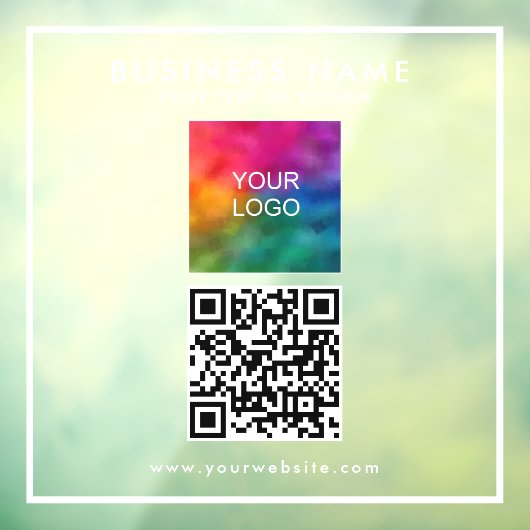Personalisierter QR-Code-Firmenlogo Fensteraufkleber (Blatt 3)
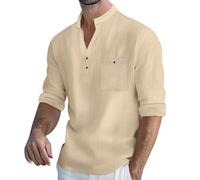 Polo a maniche lunghe da uomo UK termica camicia da uomo top da uomo slim fit oversize top da uomo stampa posteriore shiteshirts palestra oversize cotone magliette UK top casual felpe da uomo, Beige
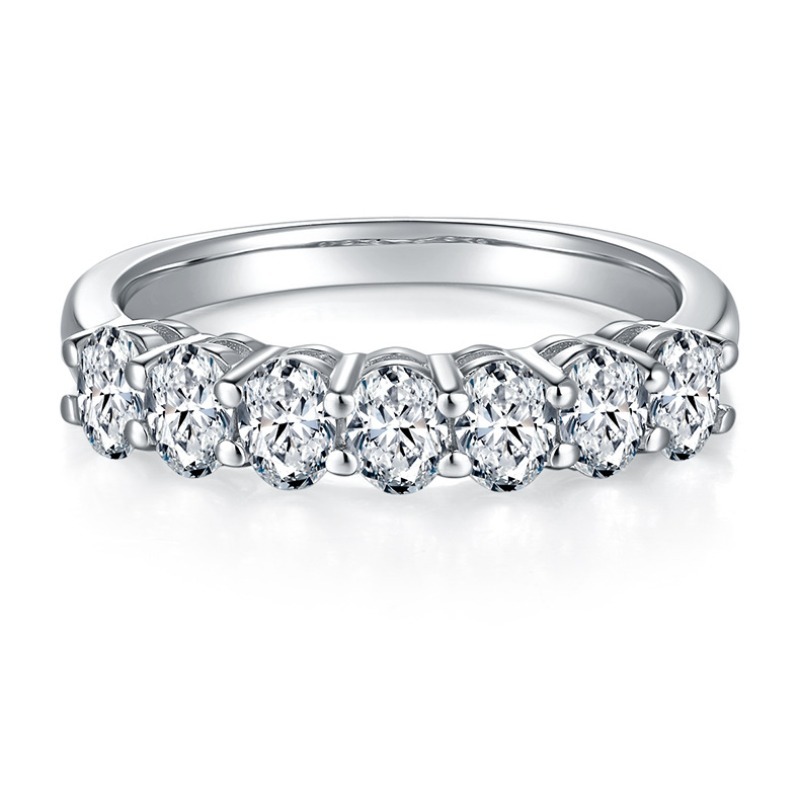 Women's 18K Gold Plated Moissanite Row Ring, Elegant Gift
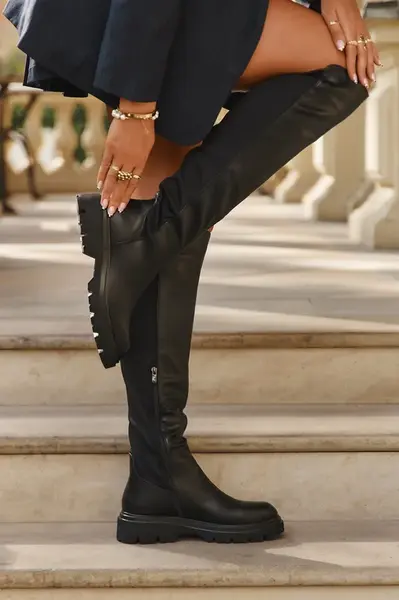 Boto Nákladní dámské kozačky z eko kůže černé Sylvina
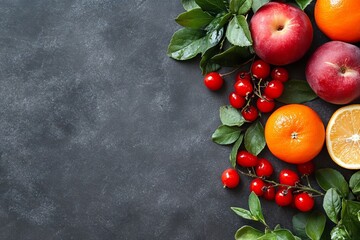 A colorful arrangement of fresh fruits on a dark surface, showcasing natural beauty.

### [EXERCISE DETAILS]
Would you return the data exactly as written, without the pictures?

### [OUTPUT BELOW]
Personalisierter QR-Code-Firmenlogo Fensteraufkleber (Blatt 3)
 Polo a maniche lunghe da uomo UK termica camicia da uomo top da uomo slim fit oversize top da uomo stampa posteriore shiteshirts palestra oversize cotone magliette UK top casual felpe da uomo, Beige
 Women's 18K Gold Plated Moissanite Row Ring, Elegant Gift
 Boto Nákladní dámské kozačky z eko kůže černé Sylvina
 A colorful arrangement of fresh fruits on a dark surface, showcasing natural beauty.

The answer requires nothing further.